In 2012, 1,189 missing dogs listed with Lost Dogs-MN were safely reunited with their owners. Another 1,128 dogs that were found by good Samaritans, and although owners could not be located, they were safely placed into rescue or adopted homes. Sadly, 61 missing dogs were found deceased.
Dogs end up “lost” for a variety of reasons. Some may have fear and anxiety issues and may have bolted after a loud noise or stressful event. Others may simply have a case of doggie wanderlust. Whatever the reason, dogs can be incredibly resourceful when it comes to escaping fenced yards, leashes, and closed kennel doors, even when pet parents are being careful. Once that happens, dogs can go into survival mode quickly, making it difficult to get them back.
“Survival mode can kick in as fast as within 24 hours,” says Lost Dogs-MN volunteer Tara Wedgewood, “and when that happens, dogs think solely of finding food, water, shelter, and hiding spots, and avoiding predators. They might see their owner and keep running.” Lost Dogs-MN has a number of tips on their website for what frantic dog guardians can do if their dog becomes lost.
For those who might be tempted to give up hope once their dogs have been lost for a few days, perhaps the greatest inspiration is the story of Chassis, a Siberian Husky, who went missing from her Duluth backyard on January 2, 2012, and turned up fifty days later near the border of Iowa, 290 miles away from home. Given her physical condition when found, she is believed to have made the entire trip on foot.
Lost Dogs-MN’s success in facilitating the safe return of Chassis, widely reported in the media, including a report on local ABC affiliate, KSTP news, provided big visibility to the still-young organization, greatly increasing its number of Facebook fans. In turn, the boost in fans grew the network, augmenting its ability to reunite missing dogs with their families.
Lost Dogs-MN isn’t just for those who have lost dogs—it’s for those who have found lost dogs as well. “Too often, people see a dog wandering alongside the road and assume the dog is on the way home or has been dumped,” Wedgewood says, “The reality is that the majority of these dogs are lost, and they have families missing them somewhere. We will post found dogs, or even reports of sightings. We encourage people not to just drive by, but to try to help.”

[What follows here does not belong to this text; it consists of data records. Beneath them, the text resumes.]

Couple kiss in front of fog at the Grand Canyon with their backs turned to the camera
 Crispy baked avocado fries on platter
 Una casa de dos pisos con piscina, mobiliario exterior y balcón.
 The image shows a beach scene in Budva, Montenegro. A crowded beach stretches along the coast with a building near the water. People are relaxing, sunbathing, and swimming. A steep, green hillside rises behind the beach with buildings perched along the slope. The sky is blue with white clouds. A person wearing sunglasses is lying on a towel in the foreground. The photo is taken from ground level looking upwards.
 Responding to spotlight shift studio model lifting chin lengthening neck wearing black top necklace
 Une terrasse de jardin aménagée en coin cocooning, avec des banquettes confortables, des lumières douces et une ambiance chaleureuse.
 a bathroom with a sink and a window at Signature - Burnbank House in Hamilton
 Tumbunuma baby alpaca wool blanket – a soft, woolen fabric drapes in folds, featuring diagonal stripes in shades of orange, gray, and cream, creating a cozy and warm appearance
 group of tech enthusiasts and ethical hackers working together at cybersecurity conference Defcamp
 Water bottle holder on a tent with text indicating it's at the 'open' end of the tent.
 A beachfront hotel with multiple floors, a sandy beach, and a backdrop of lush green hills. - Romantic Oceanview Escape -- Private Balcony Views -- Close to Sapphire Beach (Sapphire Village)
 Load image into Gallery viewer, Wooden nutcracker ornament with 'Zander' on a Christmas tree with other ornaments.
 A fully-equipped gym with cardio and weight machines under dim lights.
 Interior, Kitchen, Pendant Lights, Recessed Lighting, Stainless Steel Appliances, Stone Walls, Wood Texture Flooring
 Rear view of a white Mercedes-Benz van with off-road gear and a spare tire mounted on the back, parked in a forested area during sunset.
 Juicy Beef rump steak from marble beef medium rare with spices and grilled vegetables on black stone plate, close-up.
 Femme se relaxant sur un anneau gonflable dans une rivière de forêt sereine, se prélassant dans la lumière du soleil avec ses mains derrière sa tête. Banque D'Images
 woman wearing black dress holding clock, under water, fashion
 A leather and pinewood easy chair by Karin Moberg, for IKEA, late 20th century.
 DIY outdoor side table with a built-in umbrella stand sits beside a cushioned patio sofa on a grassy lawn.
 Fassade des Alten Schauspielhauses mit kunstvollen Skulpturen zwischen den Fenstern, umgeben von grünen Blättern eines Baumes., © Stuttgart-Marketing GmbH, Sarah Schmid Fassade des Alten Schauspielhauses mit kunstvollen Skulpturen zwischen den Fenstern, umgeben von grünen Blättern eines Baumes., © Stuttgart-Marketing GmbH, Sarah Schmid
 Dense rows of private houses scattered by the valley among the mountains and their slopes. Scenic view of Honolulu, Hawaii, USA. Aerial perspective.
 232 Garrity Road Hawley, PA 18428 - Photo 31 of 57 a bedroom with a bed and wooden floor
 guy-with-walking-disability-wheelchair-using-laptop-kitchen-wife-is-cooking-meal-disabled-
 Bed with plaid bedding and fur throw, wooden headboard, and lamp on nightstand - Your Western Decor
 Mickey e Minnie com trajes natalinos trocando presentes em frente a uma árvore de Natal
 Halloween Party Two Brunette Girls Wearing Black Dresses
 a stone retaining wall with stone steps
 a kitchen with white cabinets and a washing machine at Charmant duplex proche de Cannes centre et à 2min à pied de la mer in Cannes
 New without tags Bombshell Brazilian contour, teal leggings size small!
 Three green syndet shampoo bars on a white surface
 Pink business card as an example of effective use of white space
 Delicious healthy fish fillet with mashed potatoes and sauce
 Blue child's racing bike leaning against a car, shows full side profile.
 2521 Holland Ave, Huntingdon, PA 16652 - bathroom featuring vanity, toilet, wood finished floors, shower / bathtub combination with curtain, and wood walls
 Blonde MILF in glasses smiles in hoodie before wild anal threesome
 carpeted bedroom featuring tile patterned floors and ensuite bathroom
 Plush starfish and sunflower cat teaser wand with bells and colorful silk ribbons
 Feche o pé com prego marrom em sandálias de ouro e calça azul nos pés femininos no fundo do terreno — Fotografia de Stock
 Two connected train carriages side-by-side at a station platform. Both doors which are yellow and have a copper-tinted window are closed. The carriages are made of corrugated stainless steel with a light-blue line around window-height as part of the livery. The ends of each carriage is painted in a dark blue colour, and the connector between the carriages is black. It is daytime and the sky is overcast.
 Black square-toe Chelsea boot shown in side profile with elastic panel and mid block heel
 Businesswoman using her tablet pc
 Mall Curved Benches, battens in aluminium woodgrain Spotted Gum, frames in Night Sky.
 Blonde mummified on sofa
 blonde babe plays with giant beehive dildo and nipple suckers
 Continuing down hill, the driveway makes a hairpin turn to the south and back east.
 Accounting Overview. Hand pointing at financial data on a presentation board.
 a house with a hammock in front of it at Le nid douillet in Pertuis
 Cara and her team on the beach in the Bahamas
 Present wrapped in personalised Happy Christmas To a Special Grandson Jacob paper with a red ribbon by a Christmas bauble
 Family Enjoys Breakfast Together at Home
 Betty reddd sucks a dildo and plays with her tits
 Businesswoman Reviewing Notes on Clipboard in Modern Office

“There are lots of things you can do—post information about the found dog and if you can get one, a good clear photo on Lost Dogs-MN. You should also post on Craigslist under Lost/Found: Pets and get the dog scanned for a microchip at your veterinarian. Get the word out however you can, by looking for posters in your area, and talking with the local police, neighbors, rescues, shelters, pounds, groomers, and pet supply stores. Think of how you would feel if your beloved pet was missing.”